**Work to be completed**. Up to and including the line that contains "MRI Lower Limb", return every line from the start of the data, unchanged.

**Short text fragments from websites**.

[Start of section]

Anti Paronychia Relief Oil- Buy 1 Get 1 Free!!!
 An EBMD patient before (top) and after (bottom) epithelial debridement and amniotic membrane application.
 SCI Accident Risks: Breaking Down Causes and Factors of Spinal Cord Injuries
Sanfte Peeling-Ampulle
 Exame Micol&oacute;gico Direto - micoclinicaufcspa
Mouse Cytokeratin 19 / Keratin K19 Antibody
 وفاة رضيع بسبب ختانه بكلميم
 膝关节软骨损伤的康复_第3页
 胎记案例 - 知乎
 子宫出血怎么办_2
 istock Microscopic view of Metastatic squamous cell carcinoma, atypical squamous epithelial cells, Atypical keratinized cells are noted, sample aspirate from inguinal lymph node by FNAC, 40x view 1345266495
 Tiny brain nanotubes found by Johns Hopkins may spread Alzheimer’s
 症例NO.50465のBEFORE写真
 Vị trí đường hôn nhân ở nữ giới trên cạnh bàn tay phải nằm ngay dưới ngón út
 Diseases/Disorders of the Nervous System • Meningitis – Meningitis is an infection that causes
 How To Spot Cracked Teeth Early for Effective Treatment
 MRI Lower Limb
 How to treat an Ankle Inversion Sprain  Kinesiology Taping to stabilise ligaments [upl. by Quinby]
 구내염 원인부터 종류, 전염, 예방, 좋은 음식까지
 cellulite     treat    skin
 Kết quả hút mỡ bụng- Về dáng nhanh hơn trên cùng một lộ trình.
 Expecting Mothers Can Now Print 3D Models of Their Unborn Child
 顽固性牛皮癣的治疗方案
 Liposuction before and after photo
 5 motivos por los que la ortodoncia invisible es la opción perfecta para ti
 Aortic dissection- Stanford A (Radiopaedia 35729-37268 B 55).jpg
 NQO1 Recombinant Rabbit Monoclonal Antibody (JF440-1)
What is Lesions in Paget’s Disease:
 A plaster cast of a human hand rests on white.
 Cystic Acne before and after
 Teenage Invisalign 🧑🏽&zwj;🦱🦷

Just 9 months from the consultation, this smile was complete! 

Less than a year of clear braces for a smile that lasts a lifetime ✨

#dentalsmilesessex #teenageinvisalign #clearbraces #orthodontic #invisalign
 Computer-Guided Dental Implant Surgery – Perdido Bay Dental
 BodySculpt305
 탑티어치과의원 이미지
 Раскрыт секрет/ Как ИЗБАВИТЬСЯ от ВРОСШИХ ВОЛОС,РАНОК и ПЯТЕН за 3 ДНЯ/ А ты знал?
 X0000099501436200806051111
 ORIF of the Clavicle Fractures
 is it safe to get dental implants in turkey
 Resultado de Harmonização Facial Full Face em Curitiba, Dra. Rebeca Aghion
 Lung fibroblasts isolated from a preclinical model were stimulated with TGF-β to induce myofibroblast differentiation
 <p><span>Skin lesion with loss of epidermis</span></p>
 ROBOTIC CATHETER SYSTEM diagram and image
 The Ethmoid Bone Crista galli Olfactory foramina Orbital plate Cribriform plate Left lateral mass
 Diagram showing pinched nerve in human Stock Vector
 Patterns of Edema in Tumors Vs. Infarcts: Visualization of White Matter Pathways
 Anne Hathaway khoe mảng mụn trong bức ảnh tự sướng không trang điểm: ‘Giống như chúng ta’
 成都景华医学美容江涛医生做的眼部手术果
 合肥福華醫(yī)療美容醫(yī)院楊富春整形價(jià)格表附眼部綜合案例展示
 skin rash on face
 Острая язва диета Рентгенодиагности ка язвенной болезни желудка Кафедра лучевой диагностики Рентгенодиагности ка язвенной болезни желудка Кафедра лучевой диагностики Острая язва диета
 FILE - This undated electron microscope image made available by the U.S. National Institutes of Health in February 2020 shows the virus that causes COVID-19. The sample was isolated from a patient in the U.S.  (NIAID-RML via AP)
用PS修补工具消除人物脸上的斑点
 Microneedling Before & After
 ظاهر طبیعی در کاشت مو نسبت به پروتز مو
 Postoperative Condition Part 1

[End of section]

**Your solution**.
Anti Paronychia Relief Oil- Buy 1 Get 1 Free!!!
 An EBMD patient before (top) and after (bottom) epithelial debridement and amniotic membrane application.
 SCI Accident Risks: Breaking Down Causes and Factors of Spinal Cord Injuries
Sanfte Peeling-Ampulle
 Exame Micol&oacute;gico Direto - micoclinicaufcspa
Mouse Cytokeratin 19 / Keratin K19 Antibody
 وفاة رضيع بسبب ختانه بكلميم
 膝关节软骨损伤的康复_第3页
 胎记案例 - 知乎
 子宫出血怎么办_2
 istock Microscopic view of Metastatic squamous cell carcinoma, atypical squamous epithelial cells, Atypical keratinized cells are noted, sample aspirate from inguinal lymph node by FNAC, 40x view 1345266495
 Tiny brain nanotubes found by Johns Hopkins may spread Alzheimer’s
 症例NO.50465のBEFORE写真
 Vị trí đường hôn nhân ở nữ giới trên cạnh bàn tay phải nằm ngay dưới ngón út
 Diseases/Disorders of the Nervous System • Meningitis – Meningitis is an infection that causes
 How To Spot Cracked Teeth Early for Effective Treatment
 MRI Lower Limb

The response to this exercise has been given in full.